By Patricia Minichiello
CORNWALL – Isabel Lower pulled over at the sight of smoke coming from the other end of an historic covered bridge on the Cornwall-Salisbury town line Saturday.
She decided to call 911 rather than risk driving over it, even though only a “wisp of smoke” was visible.
That phone call at 2:30 p.m. lasted 60 seconds.When she hung up, the bridge burst into flames.
She knows the call only took 60 seconds because she checked her cellphone history later.
“That was definitely the right call to make, to not keep going through,” she said Monday.
Lower said the day of the fire, she was driving her two friends to her parents home in Salisbury. The group decided to take Swamp Road instead of going through Middlebury.
“That was a split-second decision to take the scenic route,” with friends from Sarasota, Florida, Tyler Caswell and Erica Elliott, in the car.
“When we first got there it was a little wisp of smoke. Then we actually saw a little flame starting on the other side. It just happened very quickly.”
“We were all saying to each other, ‘I’ve never seen anything like this.'”
Caswell said the fire took his breath away; “To see something so historic go up in flames this fast because it is something you never think you would see in your lifetime.”
The heat from the flames was intense, Lower said, too hot to even stand near the boat launch to take photos.
Lower said she was particularly saddened by the fire, because of a bat colony living under the bridge and she feared none of them made it out alive.
“We saw a bat fly out (during the fire); fly to road and die.”

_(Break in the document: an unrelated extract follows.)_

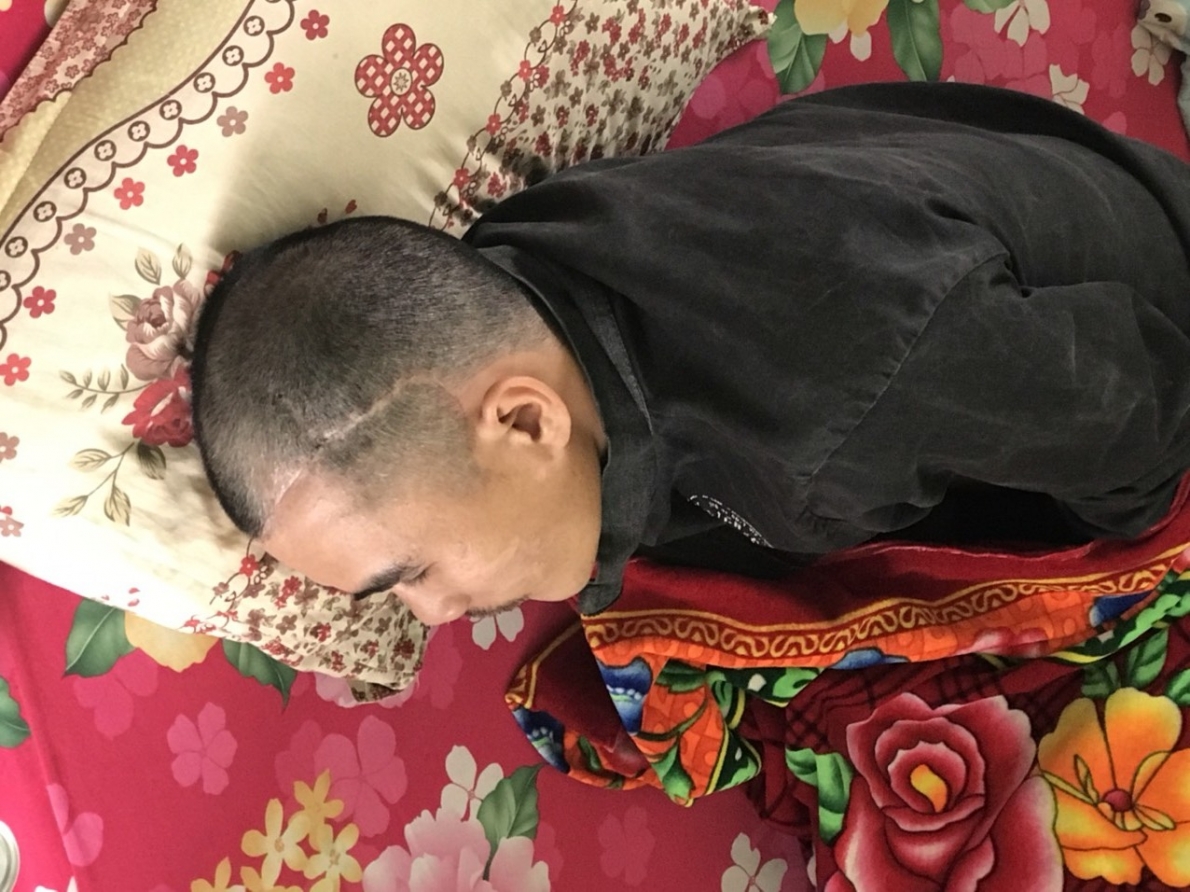 Cơ quan chức năng chậm giải quyết vụ án con trai bị chém vỡ sọ, người cao tuổi kêu cứu Cơ quan chức năng chậm giải quyết vụ án con trai bị chém vỡ sọ, người cao tuổi kêu cứu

Vermont Fish & Wildlife Biologist Alyssa Bennett, who specializes in bats, said they are very concerned about the potential loss of bats, already endangered in the state. She said her team is making plans now to go out the site and investigate.
“We had been monitoring this site closely since 2006. Every year since 2011 we had volunteers to count bats as they exited the bat house.”
This past June, Bennett said volunteers counted a total of 181 brown bats living in the bridge, which she referred to as their primary location.
All 181 bats were endangered female brown bats and their pups, she said.
“It’s what we call a maternity colony. The females get together and raise their pups together. Each only has one pup per summer, (so if they were to all die) it’s a pretty big impact to their population,” she said. “They were already a species in trouble.”
Bennett does not know if there are any survivors. She said it’s difficult to tell right now, but they will know more in the coming days.
“What I can say is that fire happened during the day and bats are sleeping during the day. Just like a house fire that happens at night.”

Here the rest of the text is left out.